AI inference costs dropped up to 10x on Nvidia’s Blackwell — but hardware is only half the equation

Lowering the cost of inference is typically a combination of hardware and software. A new analysis released Thursday by Nvidia details how four leading inference providers are reporting 4x to 10x reductions in cost per token.

The dramatic cost reductions were achieved using Nvidia’s Blackwell platform with open-source models. Production deployment data from Baseten, DeepInfra, Fireworks AI and Together AI shows significant cost improvements across healthcare, gaming, agentic chat, and customer service as enterprises scale AI from pilot projects to millions of users.

The 4x to 10x cost reductions reported by inference providers required combining Blackwell hardware with two other elements: optimized software stacks and switching from proprietary to open-source models that now match frontier-level intelligence. Hardware improvements alone delivered 2x gains in some deployments, according to the analysis. Reaching larger cost reductions required adopting low-precision formats like NVFP4 and moving away from closed source APIs that charge premium rates.

The economics prove counterintuitive. Reducing inference costs requires investing in higher-performance infrastructure because throughput improvements translate directly into lower per-token costs.

“Performance is what drives down the cost of inference,” Dion Harris, senior director of HPC and AI hyperscaler solutions at Nvidia, told VentureBeat in an exclusive interview. “What we’re seeing in inference is that throughput literally translates into real dollar value and driving down the cost.”

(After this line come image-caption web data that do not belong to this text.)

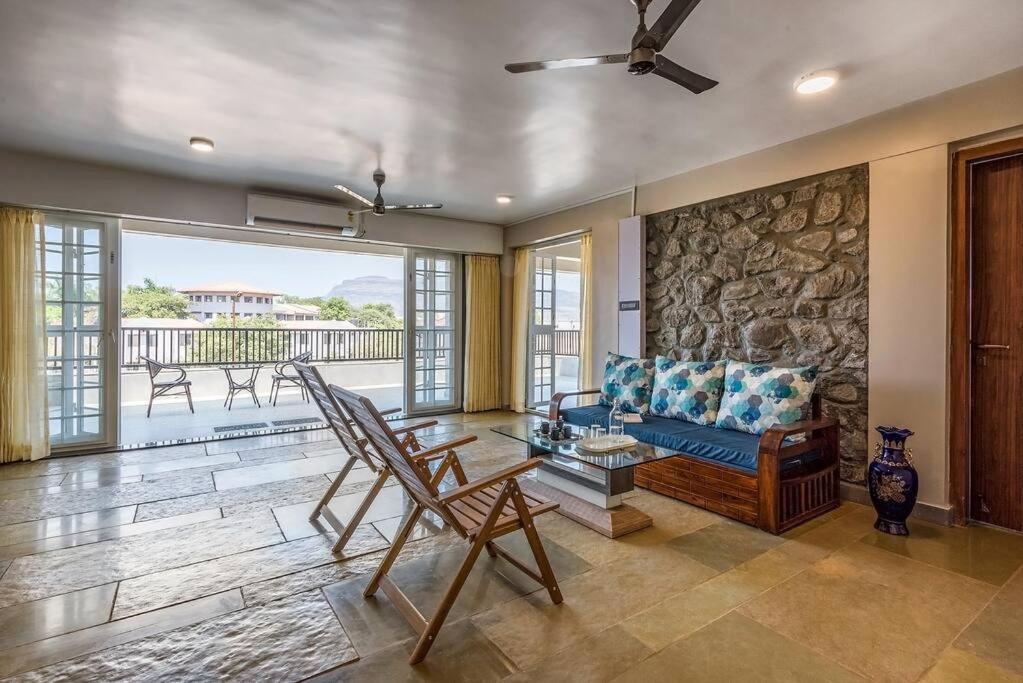 Stone Mansion By Phoenix Stays Igatpuri Eksteriør billede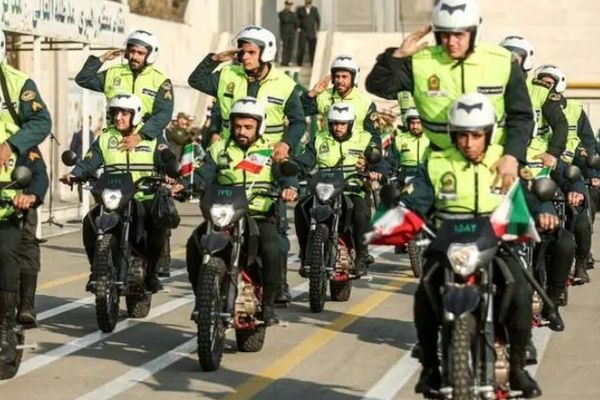 فرماندهی انتظامی کل کشور: روزهخواری در فضاهای عمومی حتی خودروها، ممنوع است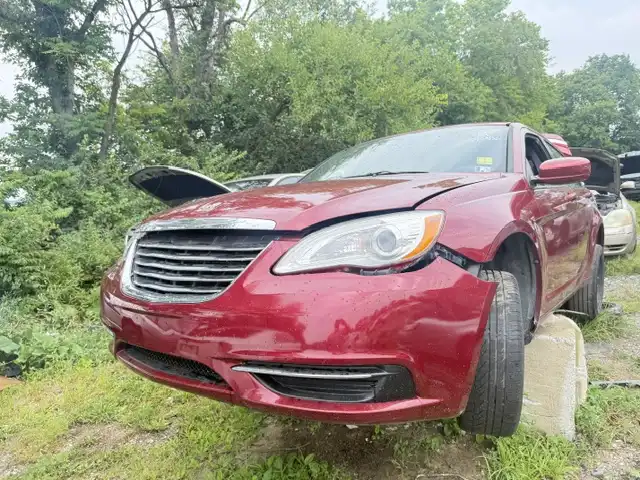 2013 Chrysler 200 LX's photo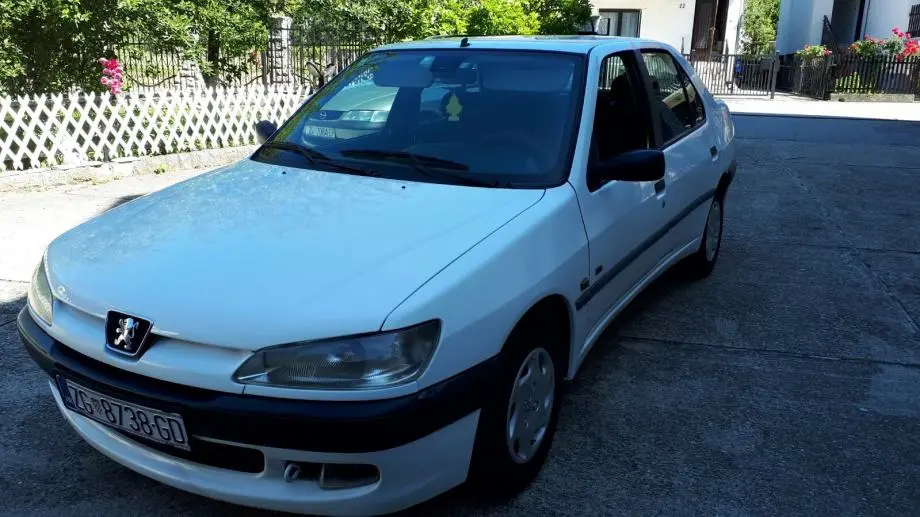 Peugeot 306 306 1.6 XR 0
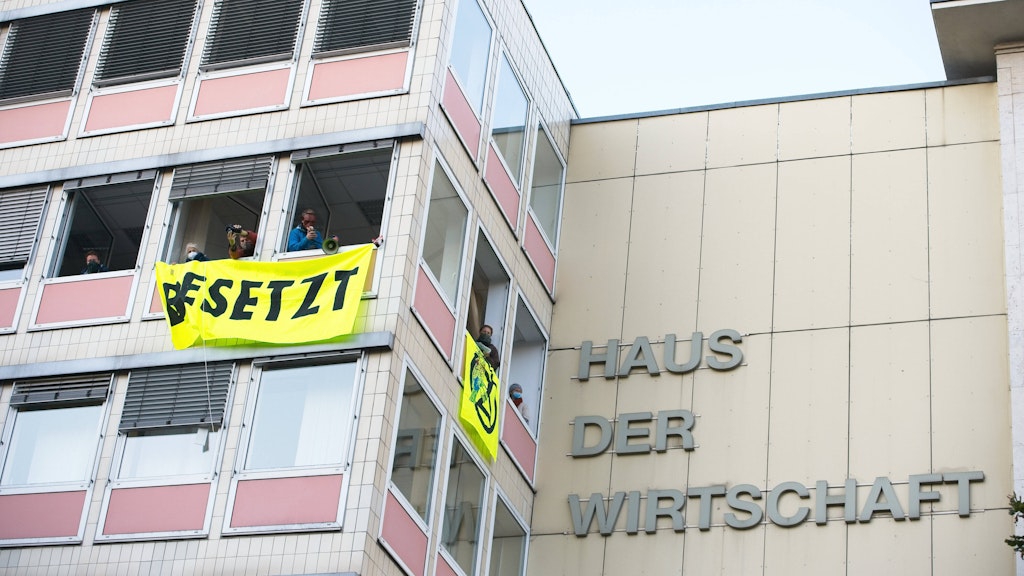 Mitglieder der Gruppe Extinction Rebellion besetzen das Haus der Wirtschaft in Berlin.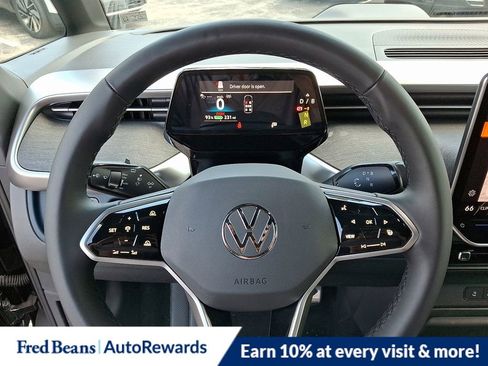 New 2025 Volkswagen ID. Buzz Pro S image 9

Production deployments show 4x to 10x cost reductions

Nvidia detailed four customer deployments in a blog post showing how the combination of Blackwell infrastructure, optimized software stacks and open-source models delivers cost reductions across different industry workloads. The case studies span high-volume applications where inference economics directly determines business viability.

Sully.ai cut healthcare AI inference costs by 90% (a 10x reduction) while improving response times 65% by switching from proprietary models to open-source models running on Baseten’s Blackwell-powered platform, according to Nvidia. The company returned over 30 million minutes to physicians by automating medical coding and note-taking tasks that previously required manual data entry.

Nvidia also reported that Latitude reduced gaming inference costs 4x for its AI Dungeon platform by running large mixture-of-experts (MoE) models on DeepInfra’s Blackwell deployment. Cost per million tokens dropped from 20 cents on Nvidia’s previous Hopper platform to 10 cents on Blackwell, then to 5 cents after adopting Blackwell’s native NVFP4 low-precision format. Hardware alone delivered 2x improvement, but reaching 4x required the precision format change.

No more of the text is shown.